Sorprendieron, de entrada, algunas salidas solitarias del presidente. Los Macron reaparecieron juntos pocos días más tarde, pero fotografiados a bastante distancia, muy veraniegos, en compañía de una cierta edad y lejos de los baños de multitud tradicionales.

Los semanarios sensacionalistas «Closer» y «Voici» han revelado parte del misterio de la pareja presidencial: Brigitte Macron habría realizado una operación de cirugía estética, entre el 16 y el 19 de julio pasado, en una reputada clínica especializada, en Neuilly-sur-Seine (en la periferia oeste más acomodada de París).

Tres horas

Según «Closer», la operación que decidió realizar Brigitte Macron tuvo una duración de tres horas. La primera dama de Francia fue sometida a una anestesia general, escoltada por cuatro miembros de la seguridad personal del presidente.
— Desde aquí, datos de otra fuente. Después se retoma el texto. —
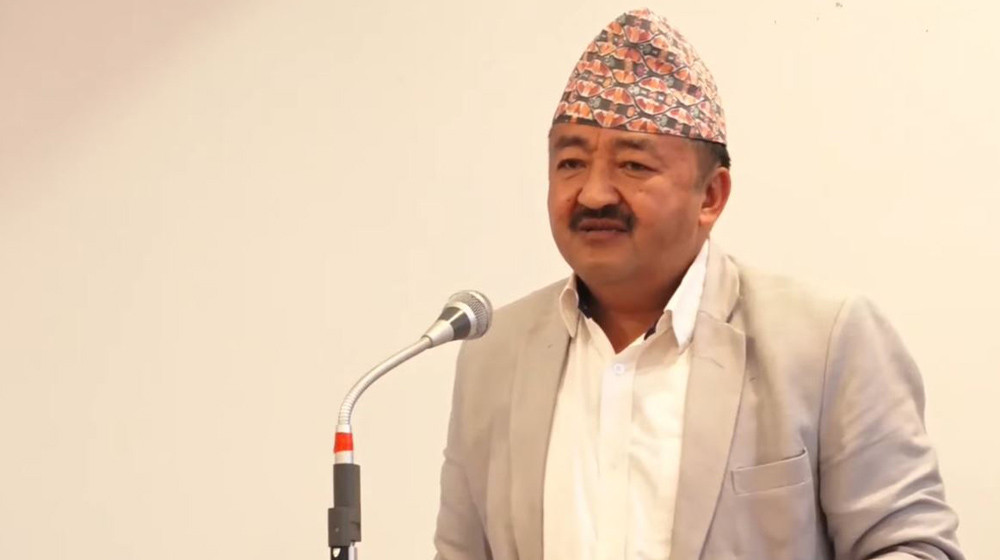 कोशीका मुख्यमन्त्रीलाई नेकपा एसले समर्थन नगर्ने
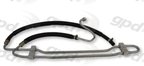 Global Parts 2611379 Power Steering Cooler - view 1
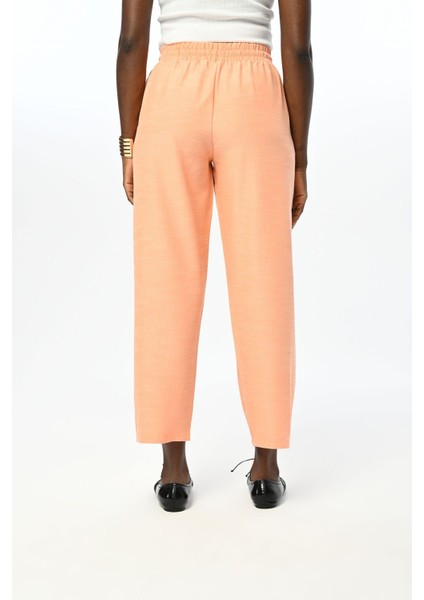 Rahat Kalıp Lastikli Pantolon fırsatları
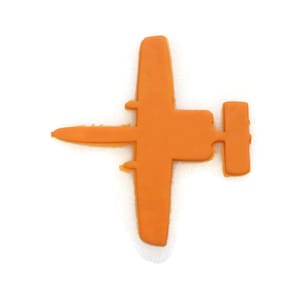 A-10 Thunderbolt II Cookie Cutter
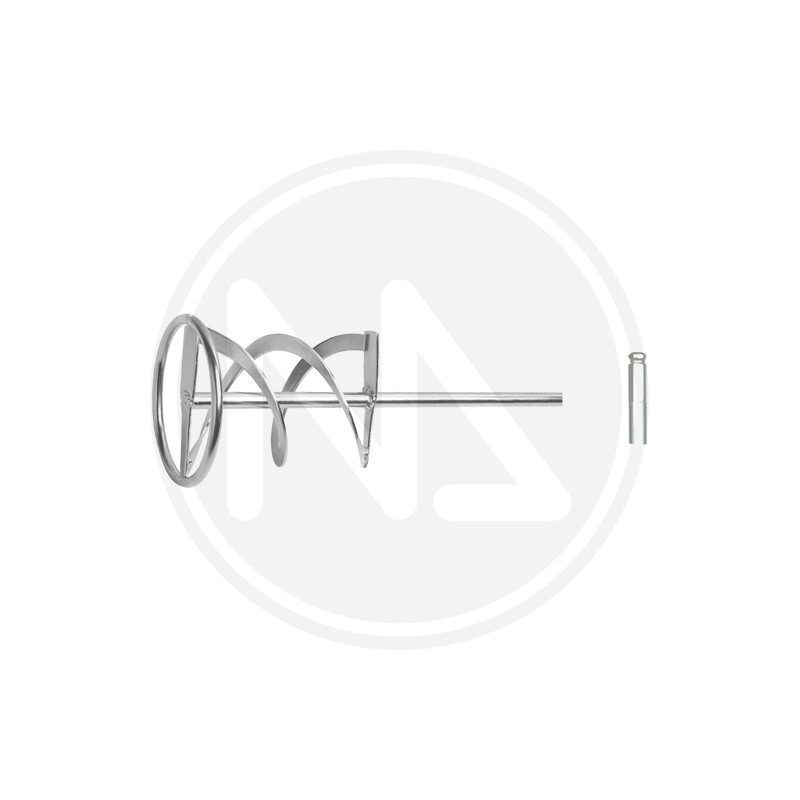 MIXER for COLLOSE-VISCOUS materials RAPID ATTACK YAMATO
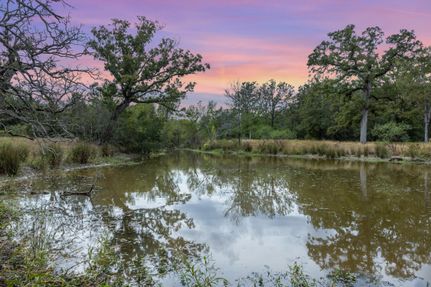 Recreational Property for sale in Burleson County, Texas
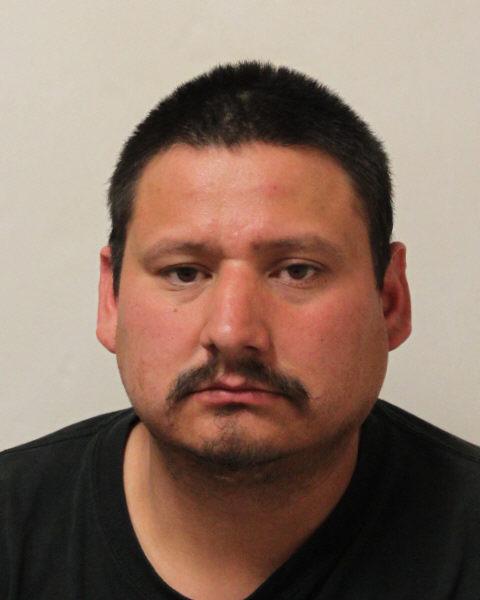 Tony Vernon NOSKEY missing person case in Cadotte Lake, Alberta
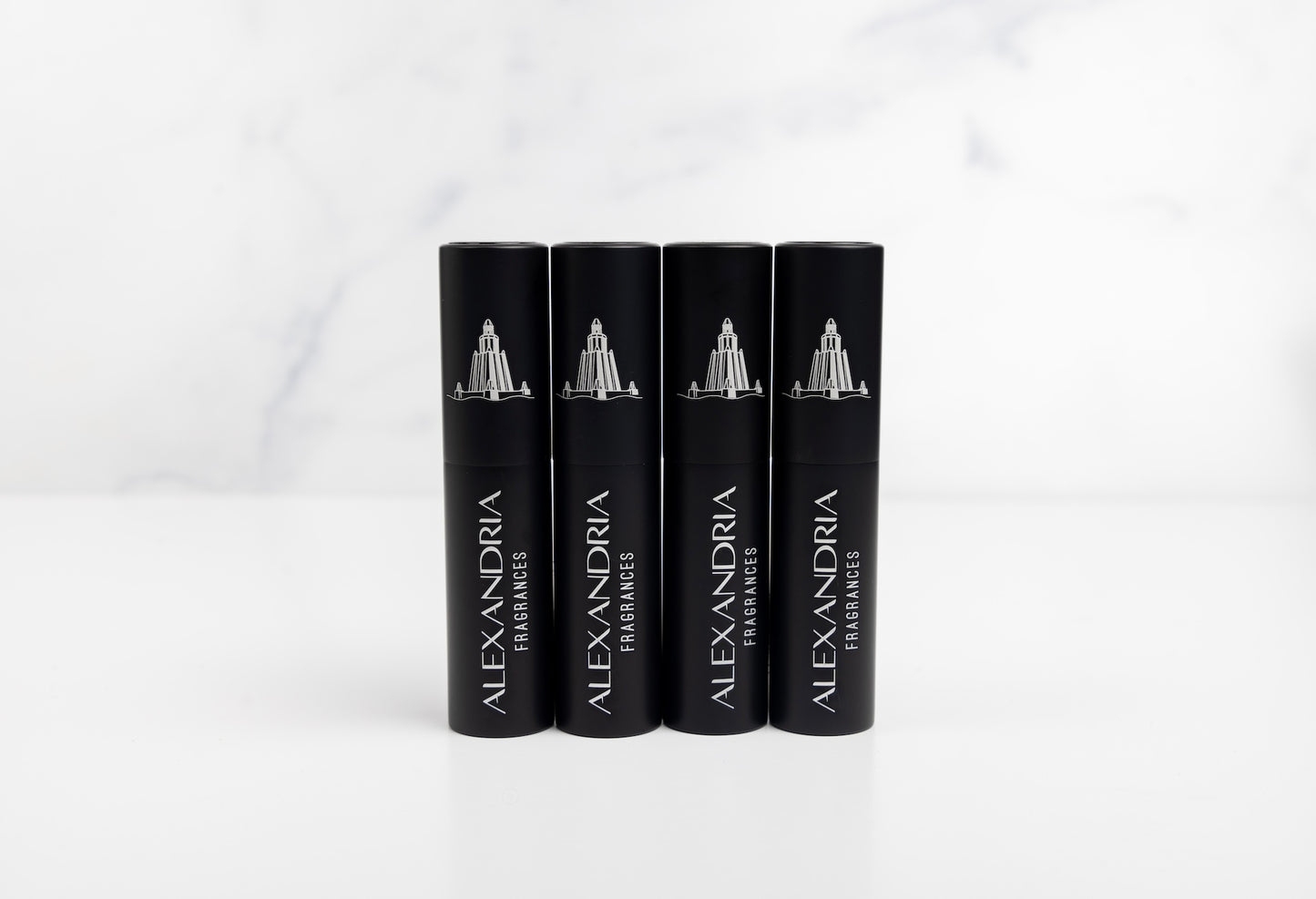 Travel Spray Kit 4 x 10ML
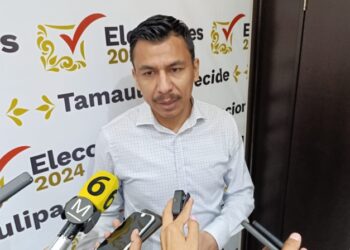 Confirman que equipo de campaña del MC ya había sido amenazado en Jiménez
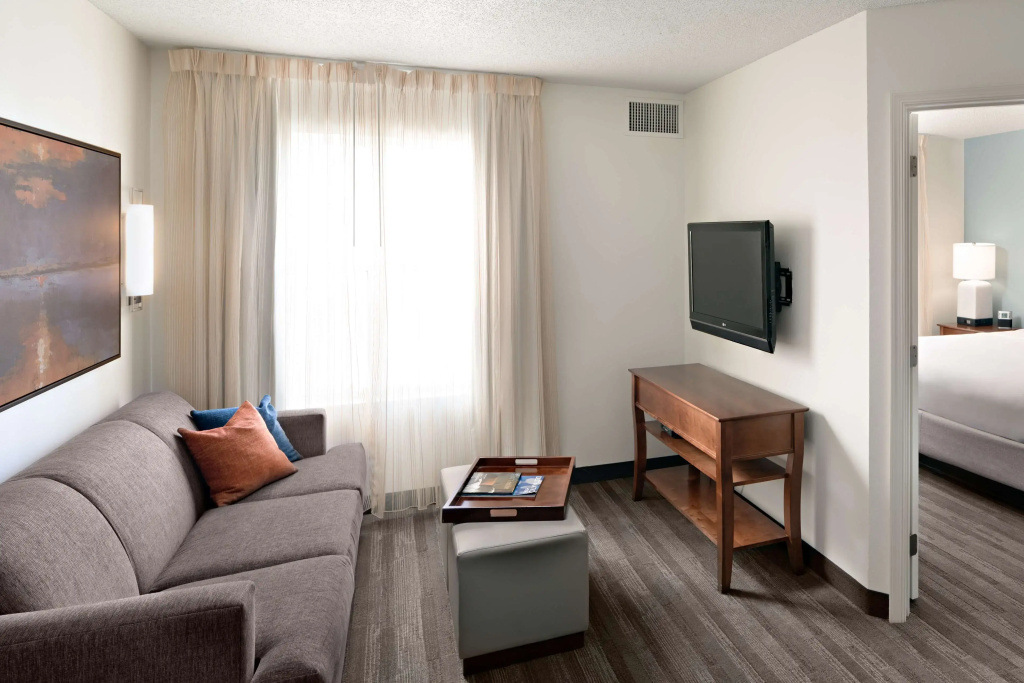 Hyatt House Herndon/Reston - Général
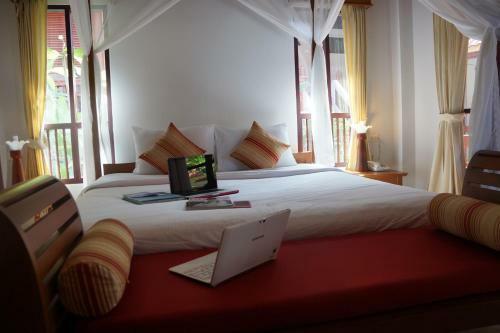 Hotel Bhundhari Chaweng Beach Resort Koh Samui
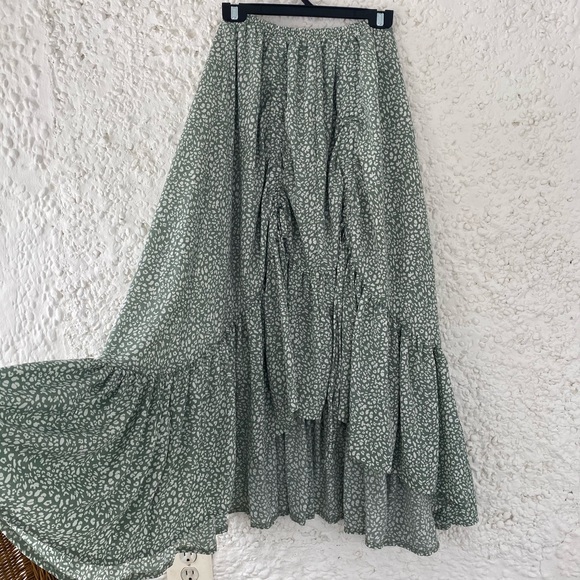 Shareen Collections Skirt - Picture 5 of 5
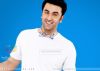 Ranbir Kapoor explains why he is not on Twitter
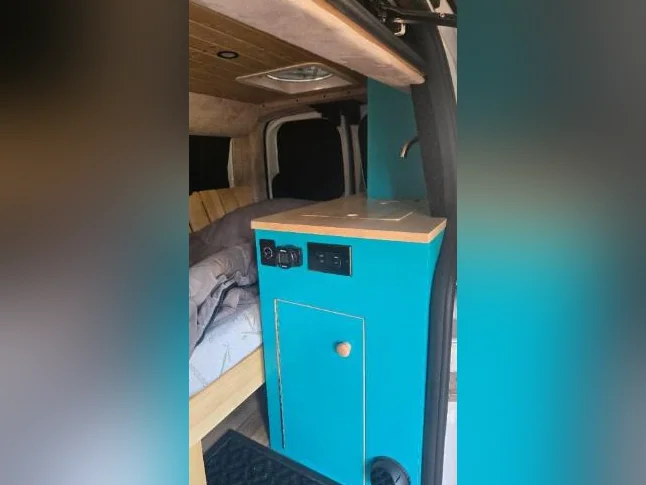 Vanlife thumbnail 5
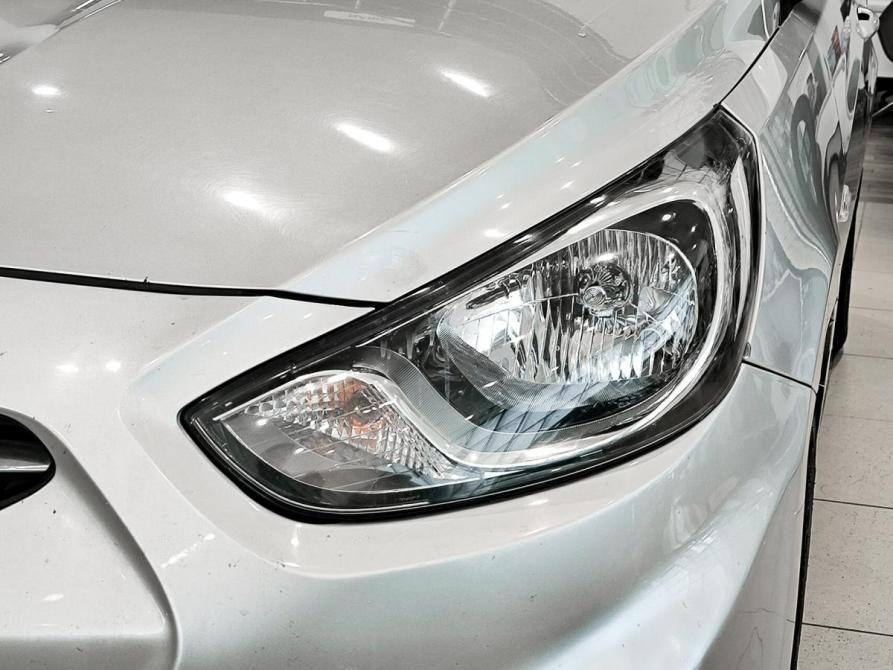 Hyundai Solaris I Казань  - изображение 21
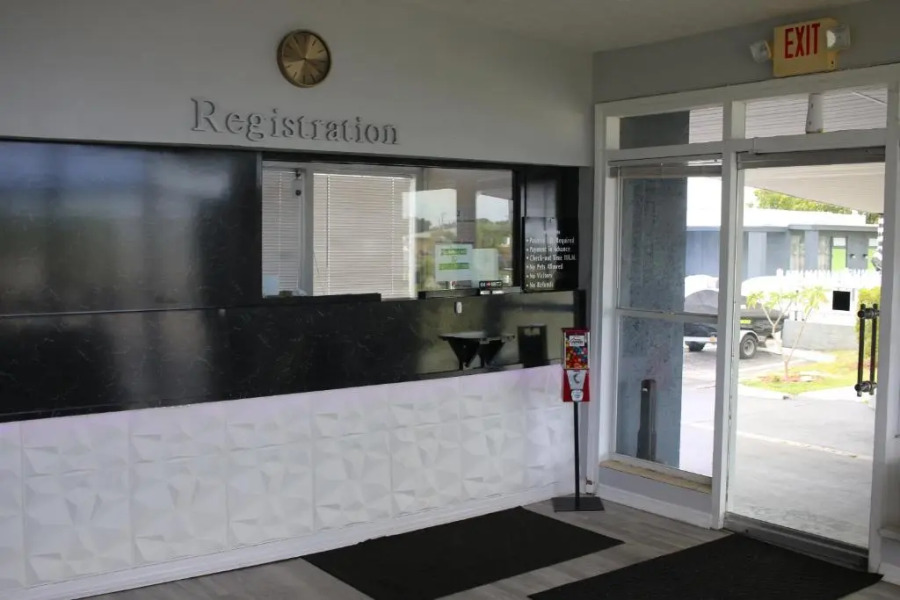 Travel Inn Fort Pierce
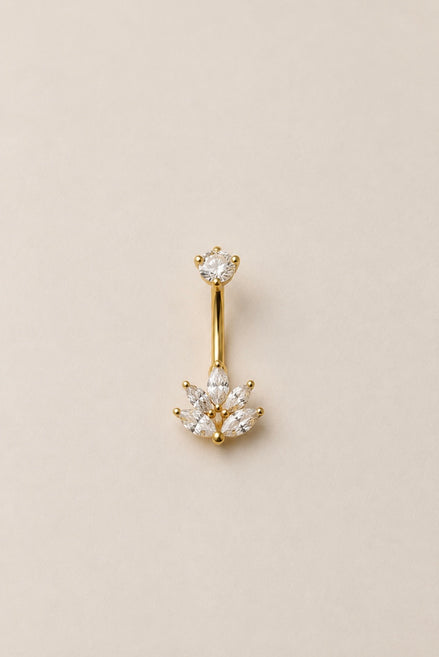 Piercing LOTUS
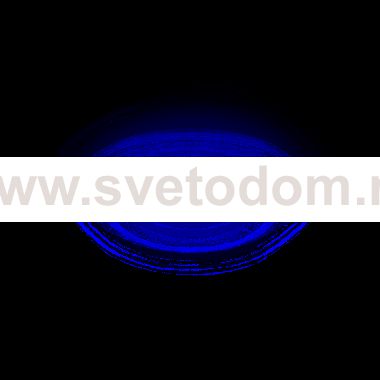 Светильник Gauss Backlight BL139 Кругл. Хром. Gu5.3, 3W, LED 4000K (BL139)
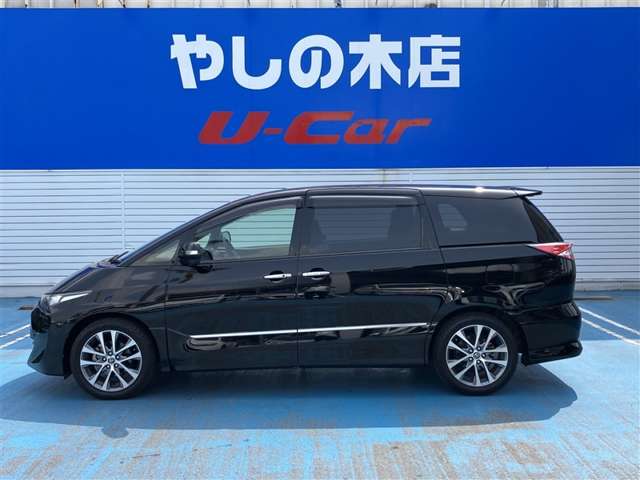 Toyota Estima 2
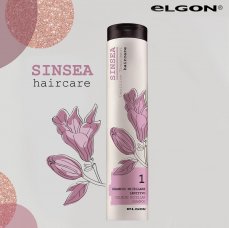 Šampon - ELGON Calming Micellar Shampoo 250 ml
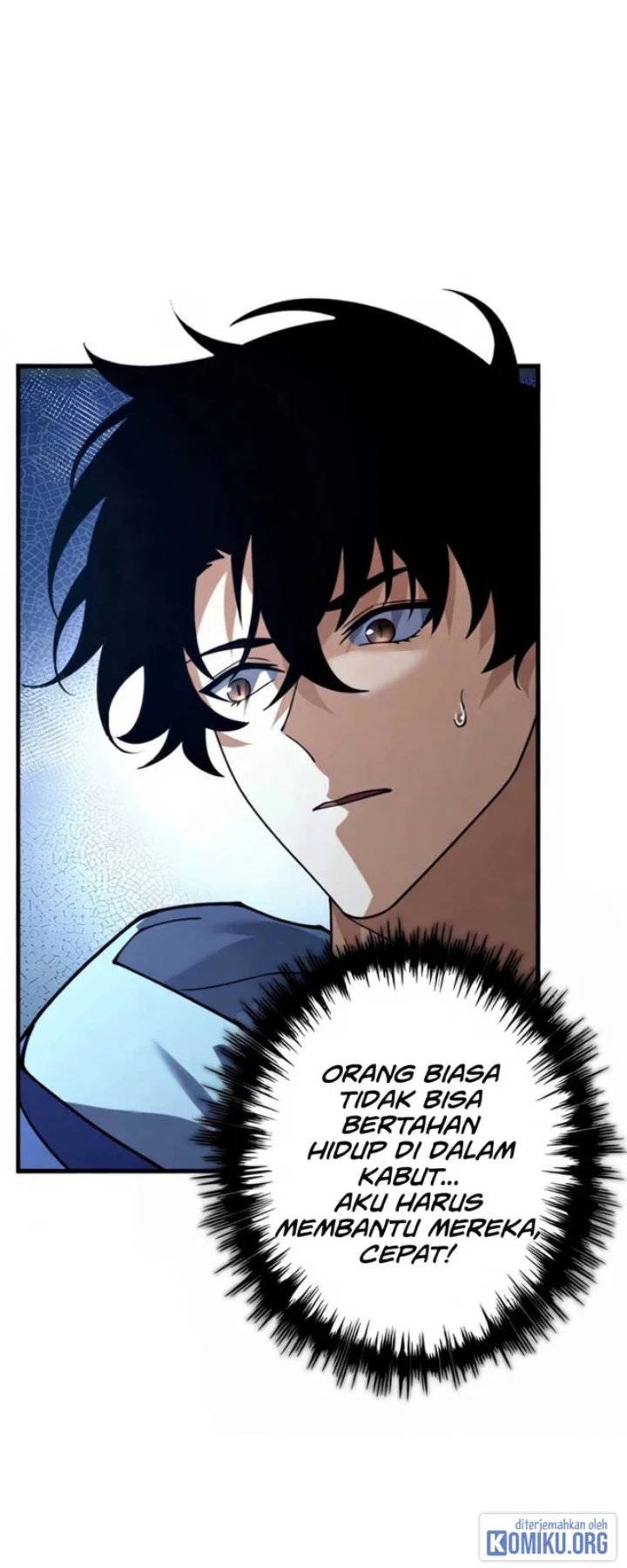 Baca Global Player: I Can Choose My Own Dungeon Rewards Chapter 1 Bahasa Indonesia page 192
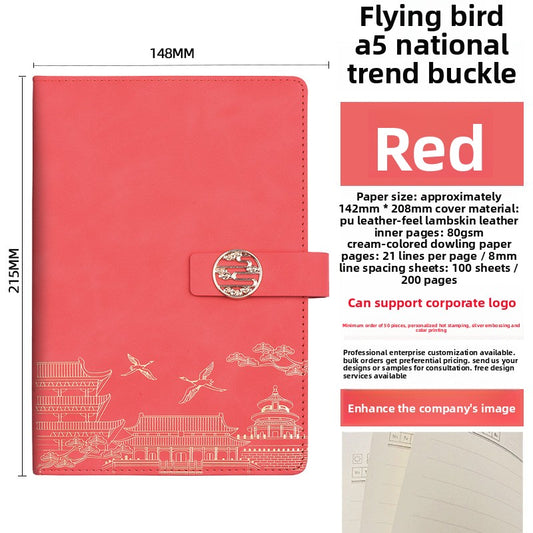 Notebook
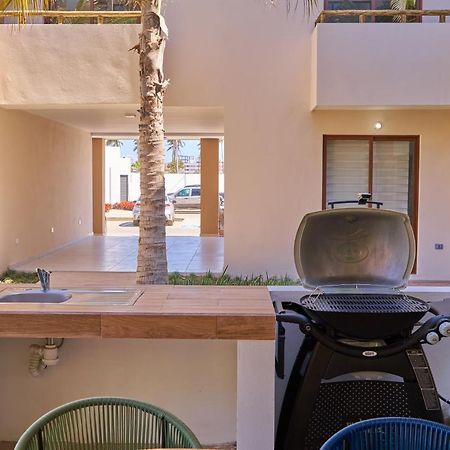 Ambar By Hausing - Pet Friendly Apartman Mazatlán Kültér fotó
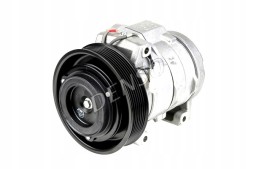 Denso DCP17186 Компресор кондиціонера mercedes actros mp4 mp5 antos arocs atego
Ni la clínica ni los Macron han deseado comunicar ni informar en detalle, del alcance concreto de la operación de cirugía estética. Tras un reposo de día y medio en la residencia presidencial de la Lanterne (en Versalles, antigua residencia real), los Macron se instalaron en el Fort de Brégançon, donde el presidente prepara una rentrée potencialmente agitada.

Emmanuel Macron recibirá en el Fort de Brégançon a Vladimir Putin dentro de unos días. Recibimiento saludado con varias salvas de críticas muy agrias, cuando al presidente ruso está poniendo en práctica, en Moscú, una política de represión muy dura contra sus adversarios que se atreven a protestar en la calle.